1. Simplifying a rational function

((x^-7)(y^2)) / ((x^-3) + y^-4))

and I'm trying to simplify it.

So I've gotten down to this:

((x^3)(y^6)) / ((y^4)(x^7)) + x^10)

and I guess this could technically be an acceptable answer but when I punched this into my calculator, I got it simplified to:

(y^6) / ((x^4)(y^4) + x^7)

Can someone show me (with steps please) how to get that final result.

Thank-you!

2. can you confirm this is the expression?

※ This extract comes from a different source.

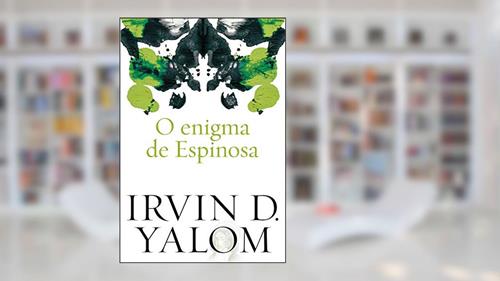 Capa de O enigma de Espinosa, do autor Irvin D. Yalom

$\displaystyle \frac{x^{-7}y^2}{x^{-3}+y^{-4}}$

If so

$\displaystyle \frac{y^2}{x^7(x^{-3}+y^{-4})}$

expanding the denominator

$\displaystyle \frac{y^2}{(x^{4}+x^7y^{-4})}$

It can't get much simplier than this.

3. Yup that was the original function.

Cool thank-you. That makes solving it a lot simpler actually. I was doing things the long way.

4. $\displaystyle \frac{y^2}{x^7\left ( \frac{1}{x^3}+\frac{1}{y^4} \right )}=\frac{y^2}{x^7x^-3+x^7y^-4}=\frac{y^2}{x^4+x^7y^-4}$ multiply the denominator and the nominator by $\displaystyle y^4$